Gabriel Albert Clarke'nin evini biliyordu. Hiç vakit geçirmeden evin çevresine gizlendiler. Eve bir yolunu bulup girmeleri gerekliydi. Rüzgar tam kapıya doğru yönelirken karanlık kaldırımlardan bir adam gölgesi belirdi. Gabriel kısık sesle Rüzgara seslendi.

"Dur, Albert Clarke saraydan yeni geliyor."

Gabriel gölgenin sahibinin Albert Clarke olduğunu anlamıştı. Rüzgar geri adım atıp gölgenin yaklaşmasını bekledi. Evin köşesine pusuya durdu. Mecnun ise elinde ip ve bantla hazır haldeydi. Albert iki adım daha atmadı ki Rüzgar üzerine çullandı. Yere düşürüp kollarına bastı. Sessiz olması için silahını kafasına dayadı.

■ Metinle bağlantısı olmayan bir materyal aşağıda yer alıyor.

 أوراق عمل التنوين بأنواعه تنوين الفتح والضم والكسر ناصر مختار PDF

Mecnun ve Gabriel kollarından tutup iple bağladılar. Gözlerini ve ağzınıda iyice kapattılar. Vakit geçirmeden oradan uzaklaştırmak istediler. Albert Clarke'yi devamlı kullandıkları barakaya götürdüler. Burada onu konuşturmayı umut ediyorlardı. Artık İsyanı planlayan bir numaralı adam kontrol altındaydı. Rüzgar sorguya başlamak için Albert Clarke'nin ağzını açtı.

Daha hiçbir şey sormadan "Benim kim olduğumu biliyormusunuz?" dedi. Bu cümle Rüzgarı kızdırmıştı. Süikastçının kim olduğunu öğrenmek için sorular sordu. Albert Clarke ise her şeyi inkar ederek tüm soruları yanıtsız bıraktı. Terör olmadığını sarayda çalıştığını söylüyordu. Ama her şey ortadaydı. Yazdığı mektup ve imza ona aitti.

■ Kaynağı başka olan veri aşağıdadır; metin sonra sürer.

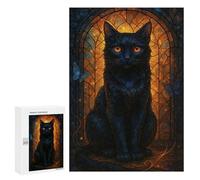 Puzzle 300 PCS pour Adolescents Elegant Black Cat with Butterflies Casse-têtes pour Adultes Jeux Relaxants Analyse Et Logique Interaction Parent-Enfant 300 PCS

Rüzgar tatmin edici cevaplar alamayınca kendinden geçti. Albert Clarke'yi yumruklamaya başladı. Mecnun arkadaşının sakin olmasını istedi. Rüzgar ise gerçekleri duyana kada devam edeceğini söyledi. Hala herşeyi anlatmayan Clarke'ye doğru yönünü döndü. Cebinden çıkarttığı bıcağı boynuna dayadı. Son kez konuşmasını istedi. Ses gelmeyince bıçağı sürmeye başladı. Boğazı kesilen Albert Clarke'nin canı yanmıştı. Sonunda "tamam yeterrr..." diye bağırdı.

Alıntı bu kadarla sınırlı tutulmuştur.